- [HOW TO COMPLETE THIS TASK]: Line by line, copy all of the data exactly.

- [EXERCISE DATA]:
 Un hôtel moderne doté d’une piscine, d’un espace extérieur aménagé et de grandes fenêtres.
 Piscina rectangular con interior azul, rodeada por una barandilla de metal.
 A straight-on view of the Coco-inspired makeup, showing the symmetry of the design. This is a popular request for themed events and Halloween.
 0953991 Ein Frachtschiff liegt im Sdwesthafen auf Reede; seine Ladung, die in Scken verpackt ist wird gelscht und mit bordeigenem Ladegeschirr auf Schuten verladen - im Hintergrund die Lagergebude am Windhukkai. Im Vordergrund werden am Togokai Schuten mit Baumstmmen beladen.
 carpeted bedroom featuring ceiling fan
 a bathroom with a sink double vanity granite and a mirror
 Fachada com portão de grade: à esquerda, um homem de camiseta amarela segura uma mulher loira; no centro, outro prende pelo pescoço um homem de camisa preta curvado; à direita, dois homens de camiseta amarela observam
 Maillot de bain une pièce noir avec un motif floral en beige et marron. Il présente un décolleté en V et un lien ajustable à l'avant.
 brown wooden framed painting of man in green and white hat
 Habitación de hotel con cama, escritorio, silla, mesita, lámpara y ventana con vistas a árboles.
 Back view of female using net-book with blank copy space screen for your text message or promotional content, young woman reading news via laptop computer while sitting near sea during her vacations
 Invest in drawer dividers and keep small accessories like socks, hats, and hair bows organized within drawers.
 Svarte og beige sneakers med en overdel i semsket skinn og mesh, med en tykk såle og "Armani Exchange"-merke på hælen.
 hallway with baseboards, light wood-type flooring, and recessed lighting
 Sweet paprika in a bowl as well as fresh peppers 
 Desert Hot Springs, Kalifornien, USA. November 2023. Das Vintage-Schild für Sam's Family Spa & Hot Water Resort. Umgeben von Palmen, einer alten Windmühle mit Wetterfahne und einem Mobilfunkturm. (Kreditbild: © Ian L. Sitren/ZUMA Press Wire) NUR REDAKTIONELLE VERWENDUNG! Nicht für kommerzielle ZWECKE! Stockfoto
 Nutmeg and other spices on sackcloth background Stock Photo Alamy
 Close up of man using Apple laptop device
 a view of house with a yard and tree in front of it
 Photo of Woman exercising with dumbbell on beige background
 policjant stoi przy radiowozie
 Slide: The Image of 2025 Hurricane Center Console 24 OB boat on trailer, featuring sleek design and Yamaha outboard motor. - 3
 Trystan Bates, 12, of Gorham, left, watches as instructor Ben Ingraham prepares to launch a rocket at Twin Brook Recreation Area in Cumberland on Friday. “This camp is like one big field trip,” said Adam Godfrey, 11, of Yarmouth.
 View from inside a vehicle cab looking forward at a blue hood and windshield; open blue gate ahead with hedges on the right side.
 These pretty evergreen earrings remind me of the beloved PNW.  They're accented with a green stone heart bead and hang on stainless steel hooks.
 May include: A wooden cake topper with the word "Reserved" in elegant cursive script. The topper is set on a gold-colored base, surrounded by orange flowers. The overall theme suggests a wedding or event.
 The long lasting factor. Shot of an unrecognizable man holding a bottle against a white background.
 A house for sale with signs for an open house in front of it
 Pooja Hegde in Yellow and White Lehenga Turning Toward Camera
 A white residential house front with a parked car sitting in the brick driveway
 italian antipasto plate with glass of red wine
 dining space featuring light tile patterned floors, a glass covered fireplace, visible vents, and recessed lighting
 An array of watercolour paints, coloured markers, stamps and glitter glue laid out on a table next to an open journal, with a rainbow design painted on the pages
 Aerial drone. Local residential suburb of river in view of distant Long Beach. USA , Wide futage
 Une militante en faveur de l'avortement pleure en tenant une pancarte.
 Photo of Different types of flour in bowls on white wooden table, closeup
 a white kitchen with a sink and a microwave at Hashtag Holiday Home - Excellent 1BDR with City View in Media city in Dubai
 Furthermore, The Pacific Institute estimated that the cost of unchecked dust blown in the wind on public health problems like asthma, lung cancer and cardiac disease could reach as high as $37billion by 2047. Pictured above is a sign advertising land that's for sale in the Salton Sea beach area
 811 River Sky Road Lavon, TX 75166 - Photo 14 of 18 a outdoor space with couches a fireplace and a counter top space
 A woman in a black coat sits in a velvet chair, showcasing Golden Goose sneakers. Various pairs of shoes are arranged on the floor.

- [YOUR SOLUTION]:
 Un hôtel moderne doté d’une piscine, d’un espace extérieur aménagé et de grandes fenêtres.
 Piscina rectangular con interior azul, rodeada por una barandilla de metal.
 A straight-on view of the Coco-inspired makeup, showing the symmetry of the design. This is a popular request for themed events and Halloween.
 0953991 Ein Frachtschiff liegt im Sdwesthafen auf Reede; seine Ladung, die in Scken verpackt ist wird gelscht und mit bordeigenem Ladegeschirr auf Schuten verladen - im Hintergrund die Lagergebude am Windhukkai. Im Vordergrund werden am Togokai Schuten mit Baumstmmen beladen.
 carpeted bedroom featuring ceiling fan
 a bathroom with a sink double vanity granite and a mirror
 Fachada com portão de grade: à esquerda, um homem de camiseta amarela segura uma mulher loira; no centro, outro prende pelo pescoço um homem de camisa preta curvado; à direita, dois homens de camiseta amarela observam
 Maillot de bain une pièce noir avec un motif floral en beige et marron. Il présente un décolleté en V et un lien ajustable à l'avant.
 brown wooden framed painting of man in green and white hat
 Habitación de hotel con cama, escritorio, silla, mesita, lámpara y ventana con vistas a árboles.
 Back view of female using net-book with blank copy space screen for your text message or promotional content, young woman reading news via laptop computer while sitting near sea during her vacations
 Invest in drawer dividers and keep small accessories like socks, hats, and hair bows organized within drawers.
 Svarte og beige sneakers med en overdel i semsket skinn og mesh, med en tykk såle og "Armani Exchange"-merke på hælen.
 hallway with baseboards, light wood-type flooring, and recessed lighting
 Sweet paprika in a bowl as well as fresh peppers 
 Desert Hot Springs, Kalifornien, USA. November 2023. Das Vintage-Schild für Sam's Family Spa & Hot Water Resort. Umgeben von Palmen, einer alten Windmühle mit Wetterfahne und einem Mobilfunkturm. (Kreditbild: © Ian L. Sitren/ZUMA Press Wire) NUR REDAKTIONELLE VERWENDUNG! Nicht für kommerzielle ZWECKE! Stockfoto
 Nutmeg and other spices on sackcloth background Stock Photo Alamy
 Close up of man using Apple laptop device
 a view of house with a yard and tree in front of it
 Photo of Woman exercising with dumbbell on beige background
 policjant stoi przy radiowozie
 Slide: The Image of 2025 Hurricane Center Console 24 OB boat on trailer, featuring sleek design and Yamaha outboard motor. - 3
 Trystan Bates, 12, of Gorham, left, watches as instructor Ben Ingraham prepares to launch a rocket at Twin Brook Recreation Area in Cumberland on Friday. “This camp is like one big field trip,” said Adam Godfrey, 11, of Yarmouth.
 View from inside a vehicle cab looking forward at a blue hood and windshield; open blue gate ahead with hedges on the right side.
 These pretty evergreen earrings remind me of the beloved PNW.  They're accented with a green stone heart bead and hang on stainless steel hooks.
 May include: A wooden cake topper with the word "Reserved" in elegant cursive script. The topper is set on a gold-colored base, surrounded by orange flowers. The overall theme suggests a wedding or event.
 The long lasting factor. Shot of an unrecognizable man holding a bottle against a white background.
 A house for sale with signs for an open house in front of it
 Pooja Hegde in Yellow and White Lehenga Turning Toward Camera
 A white residential house front with a parked car sitting in the brick driveway
 italian antipasto plate with glass of red wine
 dining space featuring light tile patterned floors, a glass covered fireplace, visible vents, and recessed lighting
 An array of watercolour paints, coloured markers, stamps and glitter glue laid out on a table next to an open journal, with a rainbow design painted on the pages
 Aerial drone. Local residential suburb of river in view of distant Long Beach. USA , Wide futage
 Une militante en faveur de l'avortement pleure en tenant une pancarte.
 Photo of Different types of flour in bowls on white wooden table, closeup
 a white kitchen with a sink and a microwave at Hashtag Holiday Home - Excellent 1BDR with City View in Media city in Dubai
 Furthermore, The Pacific Institute estimated that the cost of unchecked dust blown in the wind on public health problems like asthma, lung cancer and cardiac disease could reach as high as $37billion by 2047. Pictured above is a sign advertising land that's for sale in the Salton Sea beach area
 811 River Sky Road Lavon, TX 75166 - Photo 14 of 18 a outdoor space with couches a fireplace and a counter top space
 A woman in a black coat sits in a velvet chair, showcasing Golden Goose sneakers. Various pairs of shoes are arranged on the floor.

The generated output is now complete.